Warranty Disclaimers:
1. Backfires profusely when Rap, Hip Hop or heavy metal played on radio.
2. Still squeals tires at stop signs.
3. Prefers the dragstrip over athletic events.
4. Exhibits severe electrical malfunctions around football, baseball, basketball and hockey.
5. Deliberately stalls for extended periods when visiting speedways & recreational vehicle dealerships.

.... way too many questions & information fields for this classic to fill out, so how about we just rev the engine, down-shift & burn rubber past it all Smokey & The Bandit style - while spending the afternoon at the beach, kayaking, hiking, walks, barbq's & bonfires, the dragstrip, dining out, biking, snowshoeing, cuddling by the tv, snowmobiling, racing, museums, rummage sales, community events, live theater & concerts, home improvement stuff, more. Open to your interests.

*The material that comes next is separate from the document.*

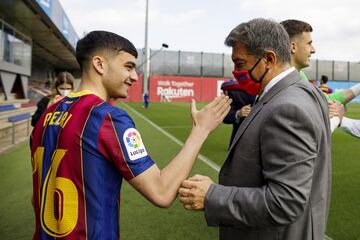 Pedri y Joan Laporta. 
 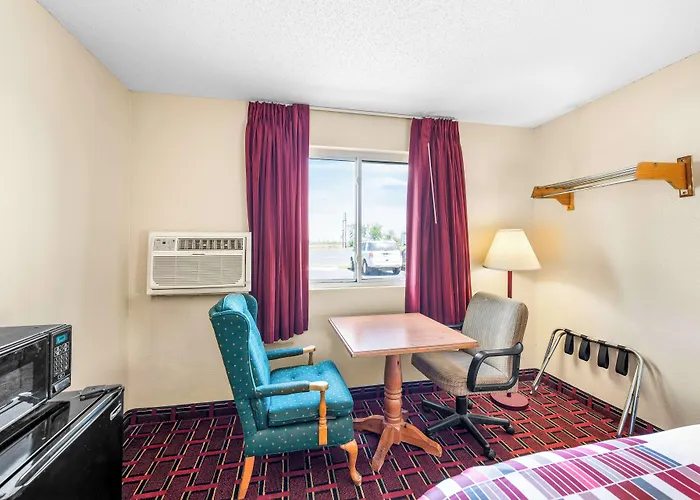Americas Value 2* Decatur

Parked at home allot. Looking to make friends, have conversation. Looking for other classics with female trim package that aren't in need of a factory recall!

Don't be turned off by the grill scruff. It's negotiable. Was talked into it.

Worth noting... if you are one of those "EV worshipping", self-righteous who knit-picks and criticizes classics for whatever their condition & profile status may be, please upshift - grab the next higher gear, keep cruising and pass me by. I'm at a vintage stage of life where I no longer have the time, nor patience between oil changes, to separate the smooth running debonair females - from the dingbats. You all know what I mean.

This classic is slowly learning to enjoy life at speeds below 100... therefore, I'd just like to add some tough truth... If you hold the lazy, fictional and neanderthal view that it's solely the male trim package's responsibility to pursue, then all you'll usually get (and deserve) are problematic lemons & crazy jerks. Pursuit is as much a woman's responsibility as this classic's. Pursuit requires your engagement. It takes two, so get off your tail pipes, use your supercharger, rev your engine, squeal your tires, blur my mirrors and make your challenge known! Maybe we'll race into the future and run happily ever after together!
First Date
1st would probably just be dinner at a quiet restaurant somewhere.